Per-thread nurseries worked just fine for Java for close to a decade. They made it more efficient using escape analysis. Escape analysis indirectly lead to borrow checking and Rust.
I have not looked into this very deeply but from first principles it would appear to me that a per-CPU nursery would be strictly better than a per-thread nursery for typical applications.
Yeah, that's pretty new relative to when the old gperftools version of tcmalloc hit the scene. It works via the rseq operations on Linux; afaik no other OS is supported.
> I have not looked into this very deeply but from first principles it would appear to me that a per-CPU nursery would be strictly better than a per-thread nursery for typical applications.
Both are quite effective at removing the contention, so I think it mostly comes down to which needs fewer allocation caches to do it.
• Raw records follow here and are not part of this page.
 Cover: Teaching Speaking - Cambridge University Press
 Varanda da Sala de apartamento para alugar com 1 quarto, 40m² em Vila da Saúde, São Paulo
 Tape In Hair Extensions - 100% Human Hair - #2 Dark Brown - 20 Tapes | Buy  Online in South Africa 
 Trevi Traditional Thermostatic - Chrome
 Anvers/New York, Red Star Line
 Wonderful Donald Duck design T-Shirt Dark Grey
In the case of a tie, per-CPU is probably better because if a thread migrates across cores you want to use memory likely to be hot in the CPU cache. If you have far more threads than cores, per-CPU should win. If you're single-threaded, per-thread should win. If you have a thread-per-core reactor, and either use the whole machine, or restrict it with cpuset so it always stays on the same cores, per-CPU should win, and more so if there are any ancillary threads for logging or whatever. All those profiles exist; what a "typical application" is I dunno.
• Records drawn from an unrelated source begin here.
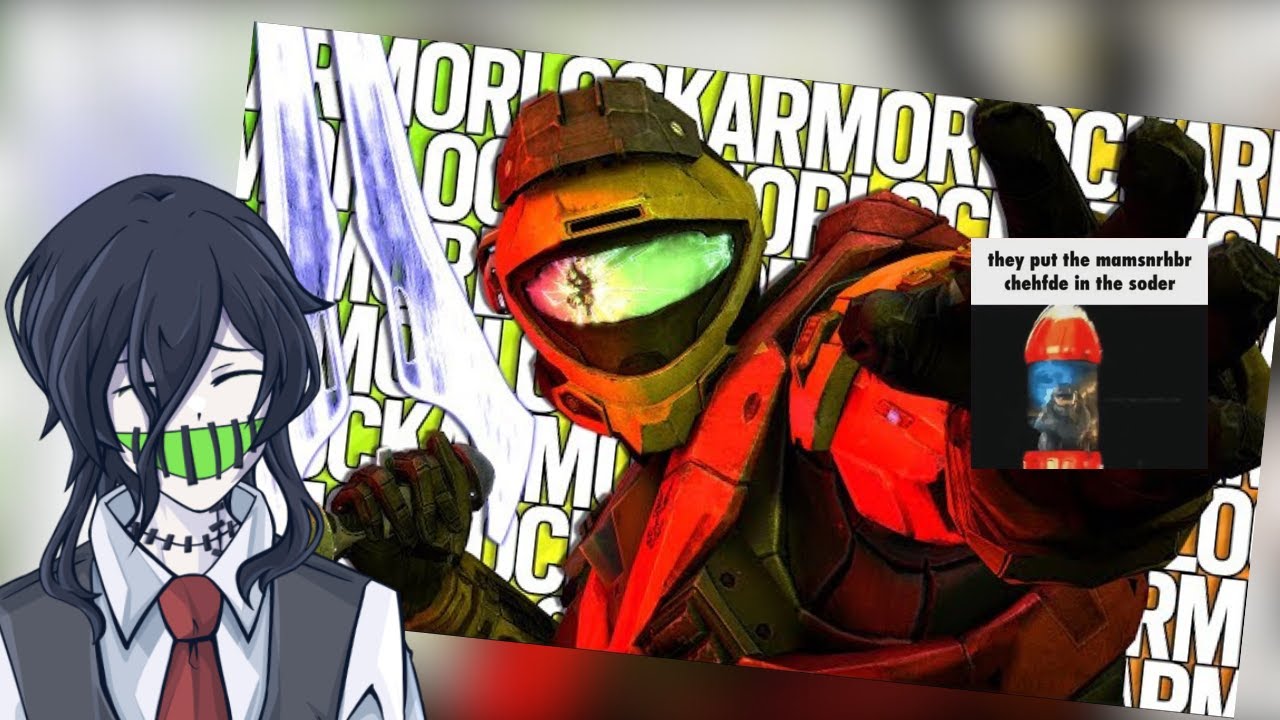 ARMORLOCK AND THE SODERS | Reacting to TheRussianBadger Halo: Reach Review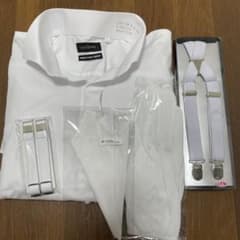 タキシードセット　ウェディング新郎のサムネイル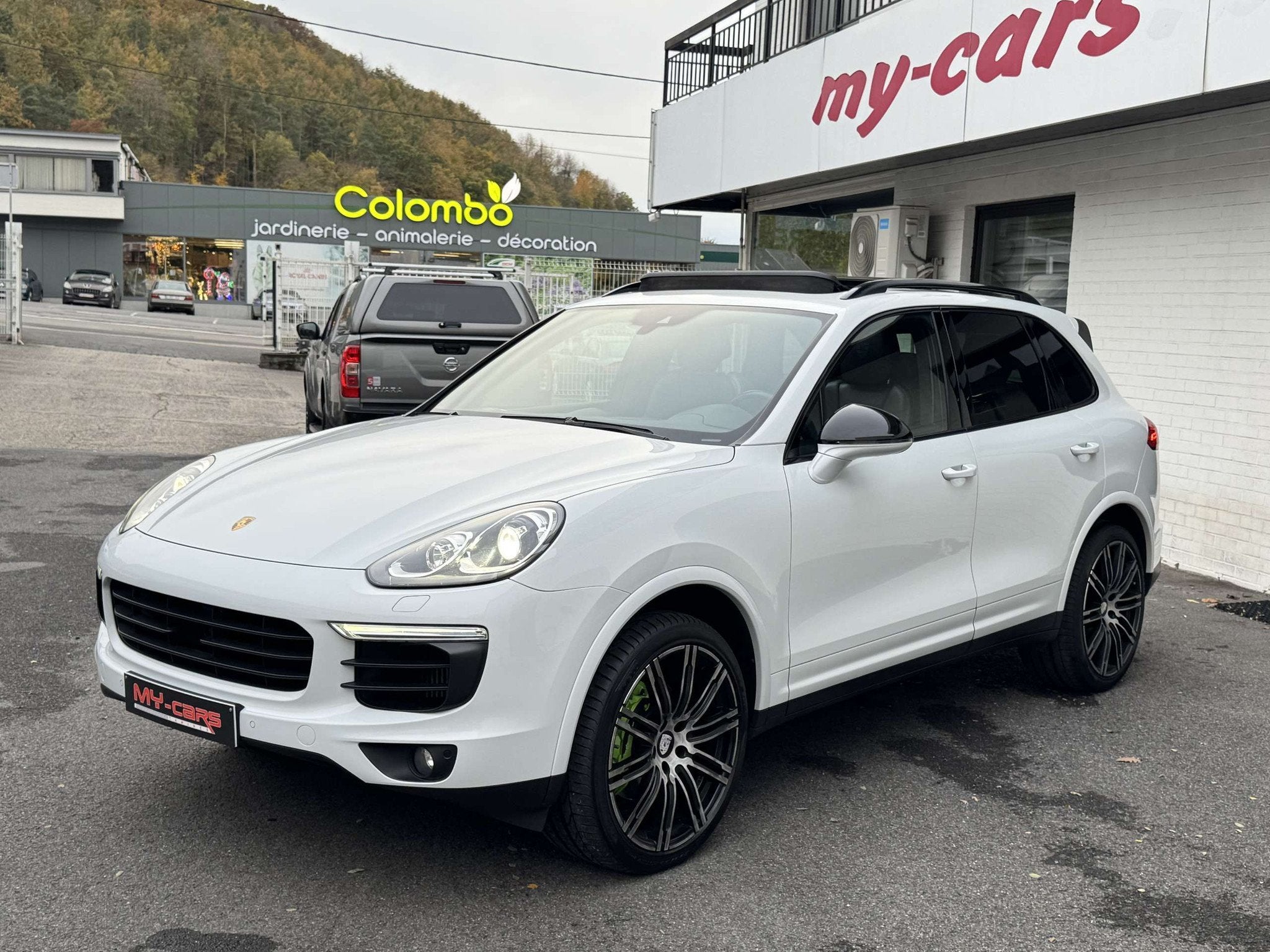 Porsche Cayenne 3.0 TD V6 AUTOMATIQUE TOIT PANO GPS CUIR FUL, Auto's, Porsche, Automaat, Cayenne, Gebruikt, Wit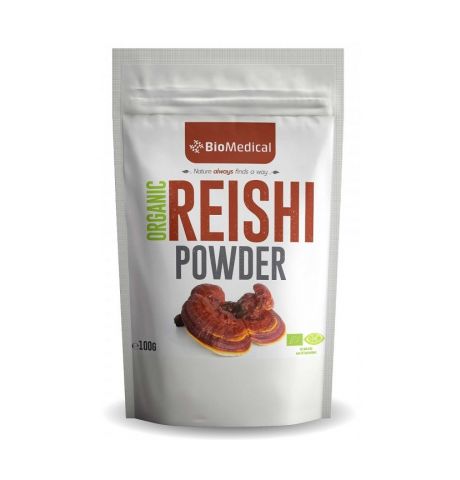 Reishi Powder Huby v prášku 100g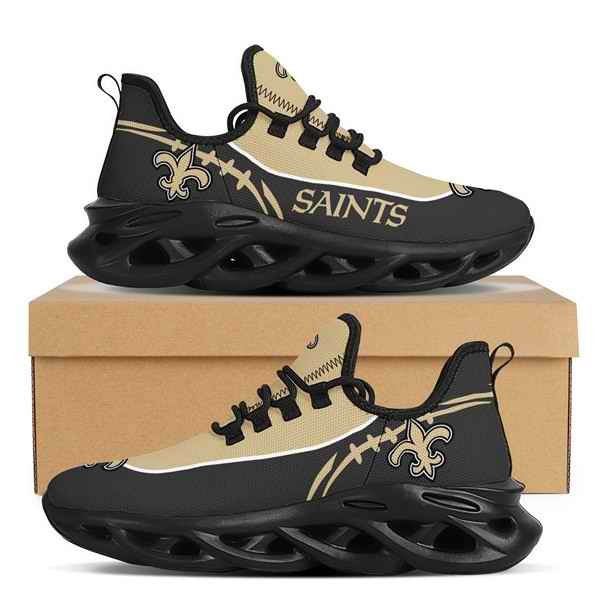 Men's New Orleans Saints Flex Control Sneakers 003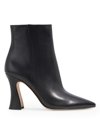 COACH WOMEN'S CARTER 83MM LEATHER ANKLE BOOTS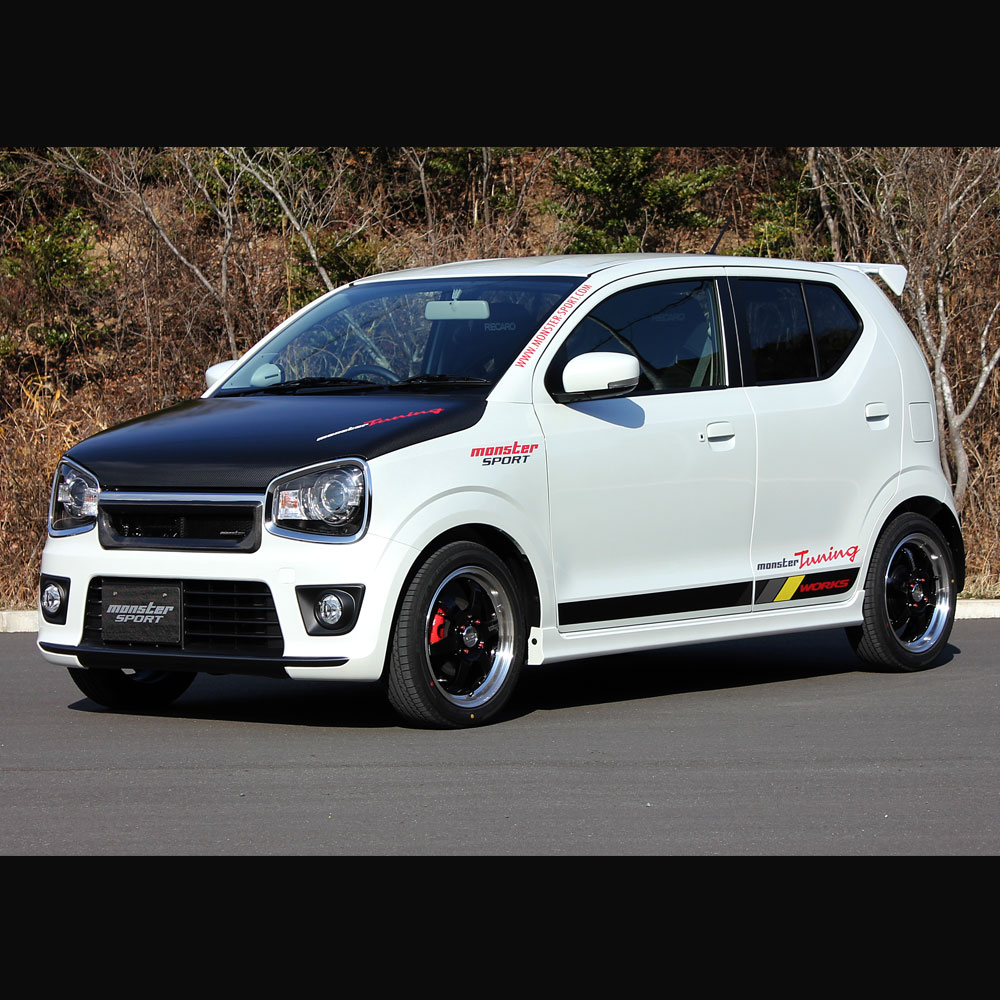 MONSTERSPORT[モンスタースポーツ][ローダウンスプリングセット]アルト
There's also the concept of "virtual CPU IDs" (the language may have changed), which can minimize the downside of per-CPU for small cgroups on huge machines. It really should be better than per-thread, as running threads <= total threads. Not sure if that's even in mainline Linux now or not. https://lwn.net/Articles/885818/
Ah yes, thanks for the detailed explanation! By "typical application" I mean those applications where there are far more (mostly idle) threads than available cores. I guess I shouldn't have used the phrase "typical application" since this differs so much by people's experience.